El festival Clásicos de Alcalá estrena en España una versión de El sueño de una noche de verano de Tim Robbins. Un montaje que pasará ahora por el Festival de Almagro, y que el oscarizado actor ha puesto en pie con su compañía The Actor’s Gang, nacida en 1981 y con una trayectoria de más de 100 obras marcada por la reinterpretación dinámica de clásicos como Tartufo, así como por el compromiso sociopolítico, que la ha llevado a apostar por textos como 1984 de Orwell.


Se trata de una versión ambiciosa, detallista, lúdica, muy musical y donde la acción del clásico de Shakespeare está coreografiada. Una obra con un rodaje de más de un año por todo el mundo, y en el que se subraya el contraste entre fantasía y razón que contiene este título del bardo inglés, el más cómico y extraño de todos los que escribió, y seguramente también el más raro de todos los del teatro isabelino.


Robbins asume el reto de respetar íntegro el texto original en esta pieza tan a lo Broadway, con música en directo, donde también incorpora espléndidas y conceptuales escenas de su propia cosecha. Se trata de toda una experiencia sensorial con una escenografía minimalista pero efectista, que resalta la excelente actuación del elenco, compuesto por catorce actores que interpretan veinticuatro personajes. Toda una reivindicación, con ello, del trabajo actoral de un director tan dedicado también a la interpretación, que ha contado en sus producciones teatrales con figuras como John Cusack, Helen Hunt o Kate Walsh. Un elenco, el de El sueño…, del que hay que destacar su estupenda vis cómica, en el que Robbins ha optado por presentar a varios Puks, y donde sobresale Will McFadden como un ágil Lisandro.
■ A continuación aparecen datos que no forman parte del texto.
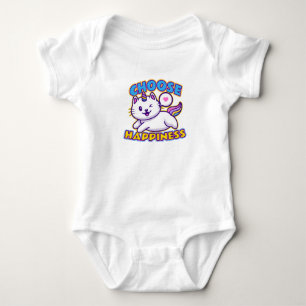 Glückliche Katze Zwinkernd Laufend Mit Glücksphras Baby Strampler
La escenografía varía radicalmente en virtud de que nos encontremos en las coloristas escenas del bosque, con su halo de fantasía, sus hadas, sus conjuros y sus amantes hechizados, y donde hay flores y árboles, y se emula el follaje con poéticas y elegantes danzas de los actores, o en virtud de que estemos ubicados  en las escenas que protagonizan los duques, a las que se les da un toque años cincuenta y en las que se acentúa su discurso racionalista, en especial en el caso del duque. El acierto estructural se completa resolviendo inmejorablemente el último tercio de la trama, en la que Shakespeare optó por el metateatro para resumir el mensaje satírico-amoroso de su texto. Robbins integra a los protagonistas en el público asistente a la pieza, desplegando así, en ellos, una doble condición de actor y espectador.


Robbins ha manifestado en más de una ocasión que prefiere el teatro al cine y la televisión por su universalidad y porque es más inmediato: en él no se puede consultar el correo o el guasap, la atención está con el arte al 100%. En esta obra opta por la diversión, por la clásica función de entretener de los comediantes, para envolver una ironía sobre la diferencia entre razón, imaginación, instinto y fantasía.